For example, the edgeR package fits the data with a generalized linear model which assumes that the data are well described by a negative binomal model: these may be appropriate RNA sequencing-based cound data, but not for proteomics data. The underlying reason for difference in statistical nature of the data may stem from the difference in RNA and protein abundance in the cell.
The overall adequacy of edgeR's NB GLM for TMT data were assessed by plotting
the residual deviance for all proteins as a quantile-quantile plot
(McCarthy2012). (A) Normalized protein-level data were fit with a NB GLM of the
form:
log2(Intensity) ~ Mixture + Condition.
Where Mixture is an additive blocking factor that accounts for variability
between TMT mixtures. The NB framework used by edgeR utilizes a dispersion
parameter, psi, to model mean-variance relationships in the data in three
different ways: 'common', 'trended', and 'tagwise'. I plot the deviance
statistics for the data fit with each of the three dispersion parameters against
their theoretical normal quantiles using the edgeR::gof function. (B) The
normalized protein-level data were fit with a linear mixed-effects model using
lme4::lmer (Bates2014):
log2(Intensity) ~ 1 + Condition + (1|Mixture).

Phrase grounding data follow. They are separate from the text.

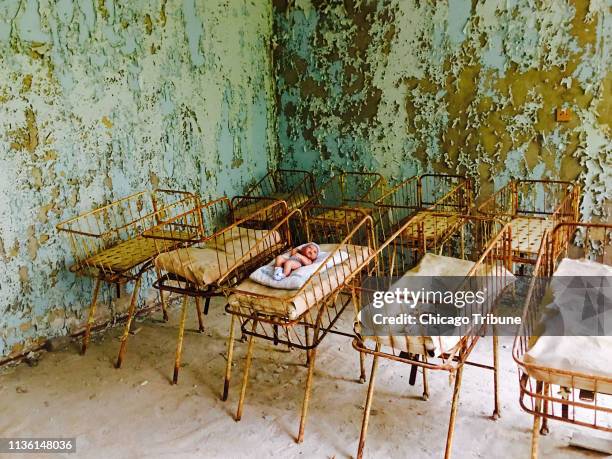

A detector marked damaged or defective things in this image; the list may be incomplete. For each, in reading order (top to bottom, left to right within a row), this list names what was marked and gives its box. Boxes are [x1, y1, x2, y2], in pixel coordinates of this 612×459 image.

rusty crib frame [55, 190, 198, 366]
rusty metal crib [55, 190, 198, 366]
peeling green paint wall [0, 0, 274, 360]
cracked plaster wall [0, 0, 276, 360]
rusty metal crib [145, 198, 290, 384]
rusty crib frame [147, 199, 292, 386]
rusty crib frame [228, 169, 316, 226]
rusty metal crib [230, 169, 316, 226]
rusty metal crib [222, 208, 376, 442]
rusty crib frame [224, 208, 376, 442]
rusty crib frame [354, 213, 516, 459]
rusty metal crib [354, 213, 516, 459]
peeling green paint wall [274, 0, 608, 217]
cracked plaster wall [274, 0, 608, 217]
rusty metal crib [476, 180, 580, 270]
rusty crib frame [478, 178, 580, 268]
rusty crib frame [512, 222, 612, 456]
rusty metal crib [512, 221, 612, 458]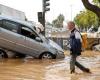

Where Mixture represents the mixed-effect of Mixture. The residual deviance
and degrees of freedom were extracted from the fitted models, z-score
normalized, and plotted as in (A). Proteins with a significantly poor fit are
indicated as outliers in blue (Holm-adjusted P-value < 0.05).
Session info {.unnumbered}
This document was compiled with rmarkdown::render().
sessionInfo()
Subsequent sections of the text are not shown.